SBC Communications startled analysts last month, reporting 304,000 new DSL (digital subscriber line) customers, dwarfing its closest DSL competitors, Verizon and BellSouth, which added 101,000 and 103,000 new subscribers, respectively.
SBC's DSL service is co-branded with Yahoo and marketed heavily throughout the Web portal. SBC pays Yahoo a percentage of the fees paid by every access customer, while Yahoo shares advertising and e-commerce revenues. Analysts said they are still trying to figure out whether SBC's partnership with Yahoo played a significant factor in SBC's quarterly uptick.
"It seems to speak well (of) partnering with a strong Internet and content brand like Yahoo," Jim Penhune, an analyst at research firm Strategy Analytics, said about SBC. "The flipside is what they give up in terms of revenue and income. They may have captured more customers, but they are presumably sharing the wealth by having an outside partner."
Meanwhile, on the other side of the broadband fence, Comcast maintained its sizable lead against its rivals. The nation's largest cable network reported 350,000 new cable broadband subscribers, compared with Time Warner Cable's disappointing 170,000, Cox Communications' 112,452, Cablevision Systems' 82,700 and Charter Communications' 76,700.
Cable companies claimed that their results, which analysts said came below expectations--with the exception of Comcast--were the result of seasonal factors, such as disconnects from college subscribers. Although it's true that the second quarter is usually slow, Comcast's momentum raises questions about why others disappointed.
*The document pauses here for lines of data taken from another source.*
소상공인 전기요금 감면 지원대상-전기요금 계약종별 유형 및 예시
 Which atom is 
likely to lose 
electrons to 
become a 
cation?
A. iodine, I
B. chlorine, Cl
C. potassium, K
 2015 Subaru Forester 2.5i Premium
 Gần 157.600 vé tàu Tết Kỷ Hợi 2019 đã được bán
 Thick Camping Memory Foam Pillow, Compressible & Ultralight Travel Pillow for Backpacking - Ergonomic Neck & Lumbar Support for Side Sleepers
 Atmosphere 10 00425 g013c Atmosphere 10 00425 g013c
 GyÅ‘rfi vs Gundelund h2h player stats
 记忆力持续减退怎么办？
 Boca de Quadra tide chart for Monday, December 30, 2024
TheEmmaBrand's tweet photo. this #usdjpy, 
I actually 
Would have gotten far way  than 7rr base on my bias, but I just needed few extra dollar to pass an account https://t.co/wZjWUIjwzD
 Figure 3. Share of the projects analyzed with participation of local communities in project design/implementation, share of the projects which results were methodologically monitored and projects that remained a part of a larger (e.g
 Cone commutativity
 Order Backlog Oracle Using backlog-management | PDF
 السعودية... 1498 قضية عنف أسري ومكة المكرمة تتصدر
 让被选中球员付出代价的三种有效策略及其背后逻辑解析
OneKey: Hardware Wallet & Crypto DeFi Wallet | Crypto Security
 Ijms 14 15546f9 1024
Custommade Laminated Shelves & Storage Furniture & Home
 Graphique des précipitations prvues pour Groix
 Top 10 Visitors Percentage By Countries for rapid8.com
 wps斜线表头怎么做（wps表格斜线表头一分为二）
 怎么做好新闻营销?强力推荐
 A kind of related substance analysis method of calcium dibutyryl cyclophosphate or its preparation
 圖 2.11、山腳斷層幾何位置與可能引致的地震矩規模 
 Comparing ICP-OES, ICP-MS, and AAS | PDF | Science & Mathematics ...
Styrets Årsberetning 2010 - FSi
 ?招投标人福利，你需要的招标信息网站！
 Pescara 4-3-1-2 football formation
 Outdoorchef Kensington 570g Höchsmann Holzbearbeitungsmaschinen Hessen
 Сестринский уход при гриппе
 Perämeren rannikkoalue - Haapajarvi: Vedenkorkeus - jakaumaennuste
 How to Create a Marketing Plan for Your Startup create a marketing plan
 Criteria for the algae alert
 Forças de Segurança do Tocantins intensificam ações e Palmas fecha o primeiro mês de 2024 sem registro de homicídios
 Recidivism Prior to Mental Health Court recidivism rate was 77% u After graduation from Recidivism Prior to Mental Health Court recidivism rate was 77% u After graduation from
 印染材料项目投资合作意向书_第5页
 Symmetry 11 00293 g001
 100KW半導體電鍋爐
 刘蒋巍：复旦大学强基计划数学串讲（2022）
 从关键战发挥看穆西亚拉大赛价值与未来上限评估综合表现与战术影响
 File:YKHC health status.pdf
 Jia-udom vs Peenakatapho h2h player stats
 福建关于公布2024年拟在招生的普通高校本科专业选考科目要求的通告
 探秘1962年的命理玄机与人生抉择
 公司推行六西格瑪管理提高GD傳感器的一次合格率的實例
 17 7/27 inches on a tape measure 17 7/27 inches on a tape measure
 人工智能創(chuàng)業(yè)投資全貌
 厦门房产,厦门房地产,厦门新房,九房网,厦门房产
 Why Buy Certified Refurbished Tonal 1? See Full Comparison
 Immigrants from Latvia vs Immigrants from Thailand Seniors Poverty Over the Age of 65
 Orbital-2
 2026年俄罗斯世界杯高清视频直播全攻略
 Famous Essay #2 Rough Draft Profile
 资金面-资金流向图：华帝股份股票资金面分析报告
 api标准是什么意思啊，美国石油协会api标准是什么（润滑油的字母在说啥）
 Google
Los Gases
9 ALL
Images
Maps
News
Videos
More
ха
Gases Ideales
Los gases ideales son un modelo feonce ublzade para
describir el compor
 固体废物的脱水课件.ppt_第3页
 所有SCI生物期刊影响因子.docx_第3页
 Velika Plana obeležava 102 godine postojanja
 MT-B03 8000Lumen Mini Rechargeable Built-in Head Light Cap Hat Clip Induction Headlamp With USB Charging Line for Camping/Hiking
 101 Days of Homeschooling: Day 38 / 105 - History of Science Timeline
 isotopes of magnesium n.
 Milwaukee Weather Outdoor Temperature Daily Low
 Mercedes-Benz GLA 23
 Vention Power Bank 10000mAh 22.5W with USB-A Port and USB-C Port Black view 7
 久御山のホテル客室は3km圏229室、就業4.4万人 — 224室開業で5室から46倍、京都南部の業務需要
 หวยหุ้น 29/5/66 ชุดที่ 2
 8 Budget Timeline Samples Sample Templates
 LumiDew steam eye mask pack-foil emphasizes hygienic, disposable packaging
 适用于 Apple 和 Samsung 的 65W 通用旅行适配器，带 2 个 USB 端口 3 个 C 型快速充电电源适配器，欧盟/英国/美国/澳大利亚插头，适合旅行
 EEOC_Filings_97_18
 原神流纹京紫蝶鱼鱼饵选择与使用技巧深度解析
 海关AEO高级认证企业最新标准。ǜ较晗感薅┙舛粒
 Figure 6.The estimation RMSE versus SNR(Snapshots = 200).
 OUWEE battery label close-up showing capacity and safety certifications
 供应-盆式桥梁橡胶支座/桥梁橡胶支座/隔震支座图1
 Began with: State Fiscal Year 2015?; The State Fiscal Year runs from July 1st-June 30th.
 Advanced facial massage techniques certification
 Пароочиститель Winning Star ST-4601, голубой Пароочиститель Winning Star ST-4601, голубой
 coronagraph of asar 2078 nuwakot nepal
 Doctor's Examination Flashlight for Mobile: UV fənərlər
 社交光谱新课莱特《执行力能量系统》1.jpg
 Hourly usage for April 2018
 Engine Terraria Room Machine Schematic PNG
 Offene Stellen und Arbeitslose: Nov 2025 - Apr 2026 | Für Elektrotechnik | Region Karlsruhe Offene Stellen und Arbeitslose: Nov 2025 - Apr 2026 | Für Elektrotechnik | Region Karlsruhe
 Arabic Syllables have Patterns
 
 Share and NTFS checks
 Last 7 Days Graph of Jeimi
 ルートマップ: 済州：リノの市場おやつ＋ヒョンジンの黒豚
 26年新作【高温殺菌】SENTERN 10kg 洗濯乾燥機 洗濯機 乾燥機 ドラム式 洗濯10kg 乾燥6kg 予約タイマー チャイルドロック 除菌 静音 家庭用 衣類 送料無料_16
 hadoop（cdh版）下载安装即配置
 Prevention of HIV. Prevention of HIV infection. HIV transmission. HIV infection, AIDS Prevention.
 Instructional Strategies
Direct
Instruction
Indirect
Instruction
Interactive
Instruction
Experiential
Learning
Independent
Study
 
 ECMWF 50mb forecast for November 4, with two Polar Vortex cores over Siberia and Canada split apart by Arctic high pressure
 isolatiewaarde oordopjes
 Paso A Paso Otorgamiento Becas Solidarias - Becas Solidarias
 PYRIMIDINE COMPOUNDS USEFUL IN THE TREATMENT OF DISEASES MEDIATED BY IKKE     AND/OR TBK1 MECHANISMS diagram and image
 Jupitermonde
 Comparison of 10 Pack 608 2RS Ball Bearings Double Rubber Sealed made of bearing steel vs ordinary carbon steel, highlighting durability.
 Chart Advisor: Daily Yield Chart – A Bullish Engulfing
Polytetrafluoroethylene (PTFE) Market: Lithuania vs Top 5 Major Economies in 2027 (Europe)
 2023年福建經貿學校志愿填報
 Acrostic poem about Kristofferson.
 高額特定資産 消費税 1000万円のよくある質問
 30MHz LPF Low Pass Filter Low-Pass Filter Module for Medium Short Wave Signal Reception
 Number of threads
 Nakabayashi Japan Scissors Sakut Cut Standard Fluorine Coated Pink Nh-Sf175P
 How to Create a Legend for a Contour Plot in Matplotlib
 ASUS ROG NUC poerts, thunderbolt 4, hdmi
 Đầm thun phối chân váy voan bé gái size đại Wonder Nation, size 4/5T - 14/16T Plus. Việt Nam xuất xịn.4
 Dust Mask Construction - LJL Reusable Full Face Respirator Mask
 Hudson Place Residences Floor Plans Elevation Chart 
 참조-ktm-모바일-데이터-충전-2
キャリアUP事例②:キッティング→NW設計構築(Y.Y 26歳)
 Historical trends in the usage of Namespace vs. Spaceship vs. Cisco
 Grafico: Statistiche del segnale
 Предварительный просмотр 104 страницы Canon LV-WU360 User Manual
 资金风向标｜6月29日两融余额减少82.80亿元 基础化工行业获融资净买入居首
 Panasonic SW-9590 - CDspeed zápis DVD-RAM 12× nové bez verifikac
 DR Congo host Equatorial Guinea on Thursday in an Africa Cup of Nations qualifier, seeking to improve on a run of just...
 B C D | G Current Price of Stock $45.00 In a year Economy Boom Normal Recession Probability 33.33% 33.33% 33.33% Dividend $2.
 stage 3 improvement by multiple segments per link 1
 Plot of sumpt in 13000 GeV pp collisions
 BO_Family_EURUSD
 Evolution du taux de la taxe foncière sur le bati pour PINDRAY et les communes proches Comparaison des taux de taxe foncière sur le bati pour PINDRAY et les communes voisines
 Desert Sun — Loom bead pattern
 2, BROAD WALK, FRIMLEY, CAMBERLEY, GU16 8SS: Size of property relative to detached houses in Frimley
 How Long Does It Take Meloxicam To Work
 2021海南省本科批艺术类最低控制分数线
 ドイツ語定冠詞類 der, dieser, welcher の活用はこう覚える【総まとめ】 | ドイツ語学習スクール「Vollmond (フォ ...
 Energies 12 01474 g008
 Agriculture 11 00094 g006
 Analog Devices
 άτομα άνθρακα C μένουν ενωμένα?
Some of this may be due to Comcast's aggressive promoting to customers in the markets of its recently acquired AT&T Broadband.
"There are unique things happening with Comcast," said Mark May, an equity analyst at Kaufman Bros. "They are able to offset competitive pressures and seasonality by increasing their footprint in AT&T markets."
Despite the disappointing quarter for most cable companies, the industry continues to show more inroads into households than does DSL. Numerous DSL price-cut promotions over the quarter highlighted the Baby Bells' determination not to lose more ground to cable companies that are stealing away coveted voice customers.
That's not to say consumers will be seeing price cuts on their cable bills any time soon. Cable's lead in the household remains steady.
"The cable operators so far haven't taken the bait to do price cuts on their own," Strategy Analytics' Penhune said. "I still think they don't have to do it yet and want to maintain their margins for as long as they can."